今回の戦闘は「中東和平紛争」における最新のニュースだ。長年にわたって続く中東和平紛争を簡潔に説明すると、第2次世界大戦後にイスラエル(ユダヤ人国家)が独立したのをきっかけに、周辺のアラブ諸国が反発、以後アラブ国家とイスラエルの戦争が繰り返されてきた。その結果、現在のパレスチナ自治区(ヨルダン川西岸地区とガザ地区)とイスラエルが近接して存在し、紛争が続いている(参考記事:9 questions about the Israel-Palestine conflict you were too embarrassed to ask)。
そして今回、パレスチナ自治区のガザ地区を2006年から実効支配しているイスラム原理主義組織ハマスと、イスラエル軍が砲撃の応酬を繰り広げ、さらに地上戦や発展しているのだ。今のところ、米国やエジプトが懸命に停戦を提案しているが、停戦が合意されても根本的な解決にはならない。
今回の戦闘についての報道を見ていて不思議に思うことがある。死者数で取り上げられるのが、ガザ地区にいるパレスチナ人ばかりということだ。もちろん米国に支援を受けたイスラエル軍がハマスを圧倒しているのは間違いないが、ハマスも負けじと反撃の砲撃を激化させている。にもかかわらず、イスラエル側にガザのような多数の死者が出ているというニュースは見ない。
実際に、イスラエル側の死者数が圧倒的に少ないのは数字を見れば一目瞭然だ。30日時点でイスラエルは3289発のミサイルをガザに着弾させ、1221人を殺害した。
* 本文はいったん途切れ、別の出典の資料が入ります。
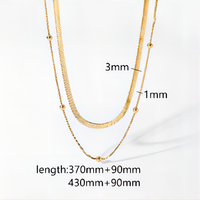 304 Stainless Steel Simple Style Polishing Plating Circle Double Layer Necklaces Necklace sku image 3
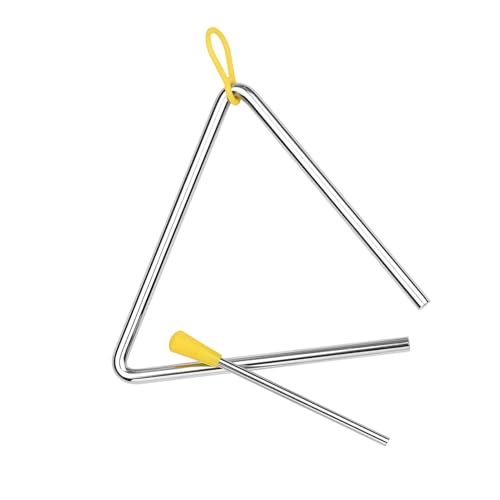 Jeffergarden 4 Zoll Stahldreieck Glocke, Metallhammer, Kinder Kinder Rhythmus Lernen Musikinstrument Ideal für Sounds, Beat, Rhythmus (6-Zoll) von Jeffergarden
一方のハマスは、2612発のミサイルをイスラエルに放っているが、死者数は56人。その多くはイスラエル軍の兵士である(参考記事:The Toll in Gaza and Israel, Day by Day)。
この圧倒的な差の裏には、イスラエル軍が誇る「アイアンドーム(鉄のドーム)」の存在がある。アイアンドームとは、イスラエルが世界に誇る迎撃ミサイルシステムのことだ。このアイアンドームは、その正確性についての議論から、紛争のあり方すら変えてしまう可能性を持つ兵器として物議をかもしている。